Mitsubishi UFJ's Nine-Month Earnings Fall On High Expenses

Mitsubishi UFJ Financial Group Inc. (MTU - Analyst Report) reported profits attributable to owners of parent of ¥852.3 billion ($7.0 billion) for the first nine months (ended Dec 31) of fiscal year ended Mar 31, 2016, down 8.1% year over year.

For the period under review, an increase in general and administrative (G&A) expenses and decreased gross profits negatively impacted the results. However, a rise in net interest income and fee revenues served as tailwinds.

Performance in Detail

Gross profits for the period ended were ¥3.1 trillion ($0.03 trillion), down slightly year over year. The decline was mainly due to decreased net gains on debt securities, mostly offset by elevated overseas loan business net interest income and increased net fees and commissions from overseas business.

The period under review reflected a rise of around 1% in net interest income, which came in at ¥1.6 trillion ($0.01 trillion). For Mitsubishi UFJ, trust fees along with net fees and commissions totaled ¥1.04 trillion ($0.009 trillion), up 3% year over year. Further, net business profits came in at ¥1.17 trillion ($0.001 trillion), down 4% year over year.

The balance of securitized products and related investments as of Dec 31, 2015 increased to ¥3.17 trillion ($0.026 trillion) in total, reflecting a fall of ¥0.22 trillion from the balance as of Mar 31, 2015. The decrease was mainly due to reduced highly rated collateralized debt obligations (CLOs).

Mitsubishi UFJ’s total credit costs at December-end came in at ¥59.1 billion ($0.48 billion) as compared with a benefit of ¥30.9 billion ($0.29 billion) in the prior-year comparable period. The credit costs resulted from increased specific allowance for credit losses and a fall in reversal of credit costs.
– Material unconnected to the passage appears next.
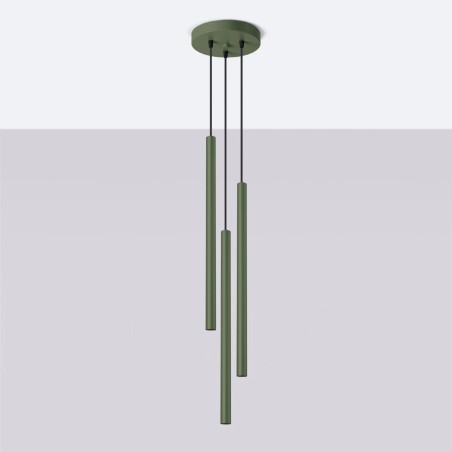 Pendant light Vacu, green, 3 lights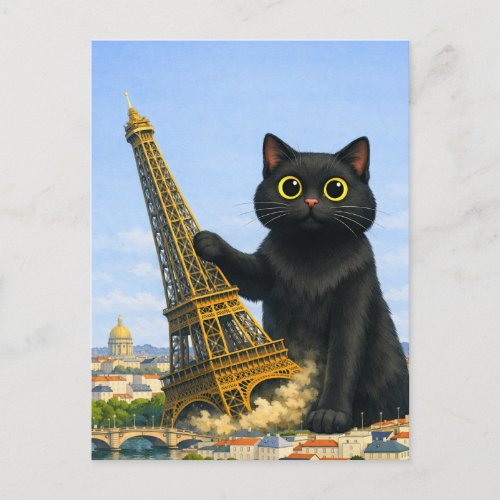 Funny Giant Black Cat Topples Eiffel Tower  Postcard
Net gains on equity securities decreased 19.4% year over year to ¥63.6 billion ($0.52 billion). Gains decreased mainly due to lower gains on sale of equity securities.

Other non-recurring losses were ¥24 billion ($0.20 billion) compared with ¥5.4 billion ($0.05 billion) in the prior-year period.G&A expenses climbed 2.1% year over year to ¥1.93 trillion ($0.016 trillion), mainly due to higher costs in the overseas businesses, which was attributed to the depreciation of the Japanese yen.